EXERCISE MATERIALS –
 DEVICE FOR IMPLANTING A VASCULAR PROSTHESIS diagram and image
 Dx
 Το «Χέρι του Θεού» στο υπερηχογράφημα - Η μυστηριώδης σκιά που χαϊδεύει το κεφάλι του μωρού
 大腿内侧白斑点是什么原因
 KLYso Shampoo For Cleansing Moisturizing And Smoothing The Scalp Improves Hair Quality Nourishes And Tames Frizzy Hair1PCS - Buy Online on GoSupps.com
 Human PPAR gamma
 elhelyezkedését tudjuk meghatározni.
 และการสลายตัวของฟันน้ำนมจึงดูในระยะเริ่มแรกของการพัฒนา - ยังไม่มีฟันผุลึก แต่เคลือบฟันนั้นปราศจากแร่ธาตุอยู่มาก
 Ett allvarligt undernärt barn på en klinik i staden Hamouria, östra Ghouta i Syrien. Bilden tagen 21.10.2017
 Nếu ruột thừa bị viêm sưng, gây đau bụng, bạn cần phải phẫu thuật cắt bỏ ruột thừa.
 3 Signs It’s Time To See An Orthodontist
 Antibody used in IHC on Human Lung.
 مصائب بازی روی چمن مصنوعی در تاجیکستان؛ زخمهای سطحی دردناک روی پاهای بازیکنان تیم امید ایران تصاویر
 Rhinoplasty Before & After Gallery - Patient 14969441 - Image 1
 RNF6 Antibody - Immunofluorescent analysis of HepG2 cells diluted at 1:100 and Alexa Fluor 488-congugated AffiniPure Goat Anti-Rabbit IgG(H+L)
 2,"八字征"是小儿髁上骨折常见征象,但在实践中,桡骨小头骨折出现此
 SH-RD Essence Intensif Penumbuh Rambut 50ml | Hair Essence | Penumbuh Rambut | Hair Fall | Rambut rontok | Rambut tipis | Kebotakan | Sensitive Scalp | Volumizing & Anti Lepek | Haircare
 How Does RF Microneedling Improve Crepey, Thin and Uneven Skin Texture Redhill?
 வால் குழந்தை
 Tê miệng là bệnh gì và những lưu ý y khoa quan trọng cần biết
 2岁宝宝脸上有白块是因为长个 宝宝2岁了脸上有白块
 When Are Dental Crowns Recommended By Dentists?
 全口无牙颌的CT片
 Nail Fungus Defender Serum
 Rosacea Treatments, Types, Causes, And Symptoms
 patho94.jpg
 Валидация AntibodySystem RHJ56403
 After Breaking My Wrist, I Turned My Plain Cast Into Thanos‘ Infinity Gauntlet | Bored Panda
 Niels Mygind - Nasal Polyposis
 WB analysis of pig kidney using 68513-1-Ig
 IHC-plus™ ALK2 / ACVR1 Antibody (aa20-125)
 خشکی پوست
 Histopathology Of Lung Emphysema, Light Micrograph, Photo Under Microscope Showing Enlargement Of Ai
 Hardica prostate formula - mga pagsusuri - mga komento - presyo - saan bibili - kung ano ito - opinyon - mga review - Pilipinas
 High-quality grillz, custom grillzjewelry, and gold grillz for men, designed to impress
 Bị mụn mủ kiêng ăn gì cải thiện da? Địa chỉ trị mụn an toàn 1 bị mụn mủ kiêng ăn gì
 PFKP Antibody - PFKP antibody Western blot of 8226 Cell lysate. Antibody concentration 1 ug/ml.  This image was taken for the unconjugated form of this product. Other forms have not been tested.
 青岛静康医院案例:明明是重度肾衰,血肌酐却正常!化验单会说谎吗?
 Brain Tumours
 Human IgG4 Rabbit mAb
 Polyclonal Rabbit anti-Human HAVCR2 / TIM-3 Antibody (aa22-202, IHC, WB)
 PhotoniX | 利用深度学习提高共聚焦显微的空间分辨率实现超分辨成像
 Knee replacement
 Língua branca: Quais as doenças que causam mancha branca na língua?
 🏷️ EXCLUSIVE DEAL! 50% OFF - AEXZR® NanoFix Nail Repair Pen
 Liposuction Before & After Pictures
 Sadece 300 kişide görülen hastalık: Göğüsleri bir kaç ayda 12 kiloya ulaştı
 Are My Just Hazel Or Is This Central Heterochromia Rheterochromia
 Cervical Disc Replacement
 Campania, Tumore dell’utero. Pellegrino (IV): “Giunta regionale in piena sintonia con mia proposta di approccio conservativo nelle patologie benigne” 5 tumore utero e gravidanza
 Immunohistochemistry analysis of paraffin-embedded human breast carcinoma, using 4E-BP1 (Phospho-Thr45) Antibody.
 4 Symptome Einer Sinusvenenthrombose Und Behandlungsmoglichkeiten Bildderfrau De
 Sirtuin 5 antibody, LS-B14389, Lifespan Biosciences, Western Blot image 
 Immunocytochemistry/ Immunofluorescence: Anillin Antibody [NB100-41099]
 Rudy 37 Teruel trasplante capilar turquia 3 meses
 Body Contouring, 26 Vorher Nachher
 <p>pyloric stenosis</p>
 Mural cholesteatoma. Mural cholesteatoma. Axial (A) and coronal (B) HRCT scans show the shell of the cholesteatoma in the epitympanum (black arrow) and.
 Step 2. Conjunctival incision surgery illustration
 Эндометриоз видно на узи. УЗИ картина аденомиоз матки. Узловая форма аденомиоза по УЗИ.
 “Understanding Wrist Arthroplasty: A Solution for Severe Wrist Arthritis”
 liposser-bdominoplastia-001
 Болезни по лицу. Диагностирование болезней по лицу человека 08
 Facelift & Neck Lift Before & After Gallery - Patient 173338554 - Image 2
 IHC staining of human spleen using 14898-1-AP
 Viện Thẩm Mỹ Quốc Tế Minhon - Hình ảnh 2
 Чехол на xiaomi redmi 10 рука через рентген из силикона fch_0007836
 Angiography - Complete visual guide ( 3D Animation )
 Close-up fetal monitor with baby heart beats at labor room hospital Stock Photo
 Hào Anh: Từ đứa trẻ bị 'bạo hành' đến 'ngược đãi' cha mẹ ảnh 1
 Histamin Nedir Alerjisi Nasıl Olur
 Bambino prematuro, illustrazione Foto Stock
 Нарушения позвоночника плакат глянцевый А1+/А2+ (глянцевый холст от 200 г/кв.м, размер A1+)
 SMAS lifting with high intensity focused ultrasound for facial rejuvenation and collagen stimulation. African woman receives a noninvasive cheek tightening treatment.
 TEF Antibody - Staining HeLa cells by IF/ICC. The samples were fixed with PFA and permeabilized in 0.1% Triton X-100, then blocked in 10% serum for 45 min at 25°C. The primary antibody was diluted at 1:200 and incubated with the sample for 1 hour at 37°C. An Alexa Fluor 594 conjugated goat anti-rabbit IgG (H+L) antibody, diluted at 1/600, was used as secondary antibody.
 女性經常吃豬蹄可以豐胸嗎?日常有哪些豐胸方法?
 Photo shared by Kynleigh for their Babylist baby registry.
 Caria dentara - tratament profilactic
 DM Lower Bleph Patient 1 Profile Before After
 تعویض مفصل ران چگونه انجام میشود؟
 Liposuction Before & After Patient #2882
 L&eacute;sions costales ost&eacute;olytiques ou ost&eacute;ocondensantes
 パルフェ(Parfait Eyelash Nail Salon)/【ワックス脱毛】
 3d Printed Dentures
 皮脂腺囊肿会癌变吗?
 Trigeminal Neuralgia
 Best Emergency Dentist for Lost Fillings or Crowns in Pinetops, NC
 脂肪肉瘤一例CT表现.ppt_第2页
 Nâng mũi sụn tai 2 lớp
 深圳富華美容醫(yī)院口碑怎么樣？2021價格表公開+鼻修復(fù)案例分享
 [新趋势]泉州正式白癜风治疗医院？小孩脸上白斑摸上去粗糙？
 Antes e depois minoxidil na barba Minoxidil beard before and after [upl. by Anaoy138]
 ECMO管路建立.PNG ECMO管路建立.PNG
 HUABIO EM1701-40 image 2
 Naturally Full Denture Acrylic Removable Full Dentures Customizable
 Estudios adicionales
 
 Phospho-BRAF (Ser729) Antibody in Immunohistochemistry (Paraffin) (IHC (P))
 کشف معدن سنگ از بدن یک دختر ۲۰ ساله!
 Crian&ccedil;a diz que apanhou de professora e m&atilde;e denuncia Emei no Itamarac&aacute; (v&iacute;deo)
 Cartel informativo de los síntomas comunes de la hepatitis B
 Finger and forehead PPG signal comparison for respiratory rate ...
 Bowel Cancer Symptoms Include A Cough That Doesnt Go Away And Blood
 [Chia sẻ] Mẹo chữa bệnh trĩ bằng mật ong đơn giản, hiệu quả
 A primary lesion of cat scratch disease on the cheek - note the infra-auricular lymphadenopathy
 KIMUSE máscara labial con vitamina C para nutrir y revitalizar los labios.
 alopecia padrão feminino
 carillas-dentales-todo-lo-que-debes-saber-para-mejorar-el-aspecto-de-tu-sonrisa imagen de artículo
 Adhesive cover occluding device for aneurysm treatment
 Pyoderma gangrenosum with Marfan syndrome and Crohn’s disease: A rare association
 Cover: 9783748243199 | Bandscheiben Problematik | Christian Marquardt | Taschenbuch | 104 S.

EXERCISE DESCRIPTION –
Scan the records above for the lines holding "Cervical Disc Replacement" and "Campania, Tumore dell’utero.". Transcribe those two and every line between them word for word, and no others.

RESULT BELOW –
 Cervical Disc Replacement
 Campania, Tumore dell’utero. Pellegrino (IV): “Giunta regionale in piena sintonia con mia proposta di approccio conservativo nelle patologie benigne” 5 tumore utero e gravidanza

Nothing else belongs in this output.